Reproduce the data below in full and exclude every picture.

Data provided:
+-------+

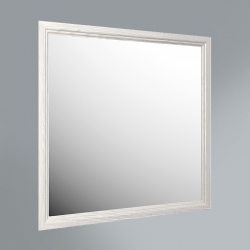 KERAMA MARAZZI  PR.mi.80/WHT Панель с зеркалом PROVENCE 80 см, белый Цена за 1 шт. 24 940.80 руб. - бесплатная доставка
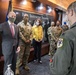 USECAF and CMSAF Visit JBSA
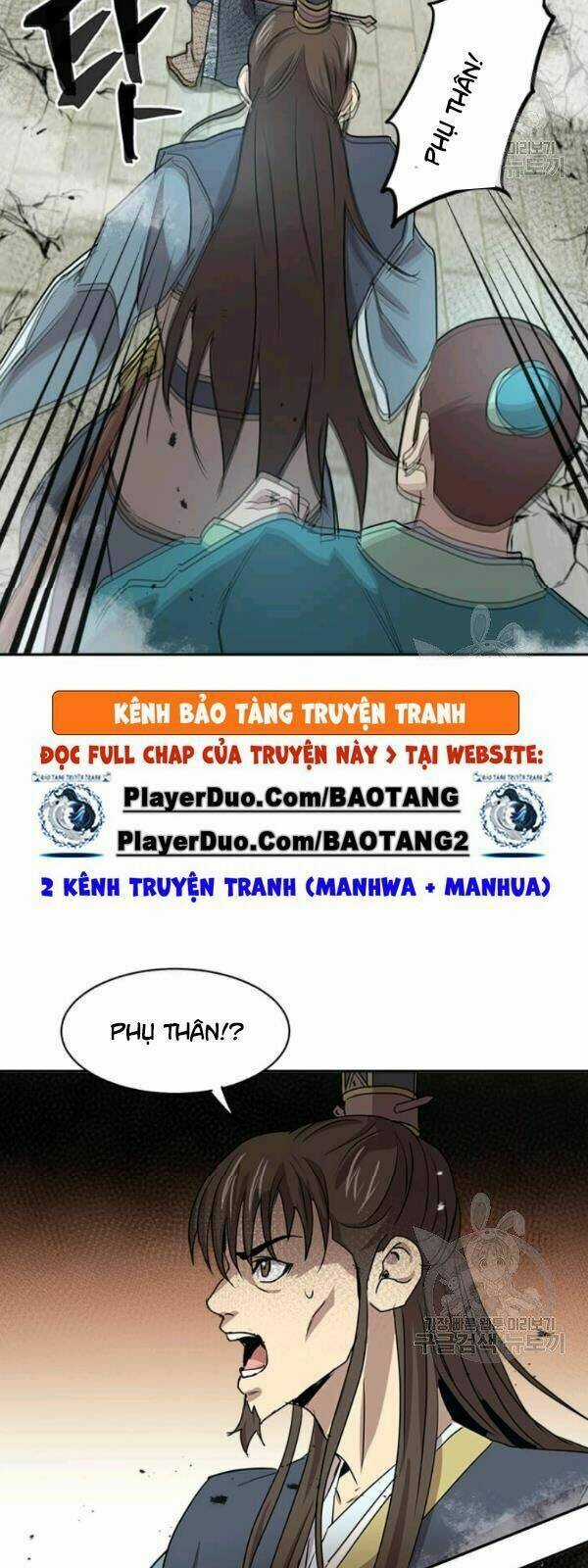 Đạo Sĩ Giang Hồ Chapter 30 trang 38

+-------+

Solution below:
 KERAMA MARAZZI  PR.mi.80/WHT Панель с зеркалом PROVENCE 80 см, белый Цена за 1 шт. 24 940.80 руб. - бесплатная доставка
 USECAF and CMSAF Visit JBSA
 Đạo Sĩ Giang Hồ Chapter 30 trang 38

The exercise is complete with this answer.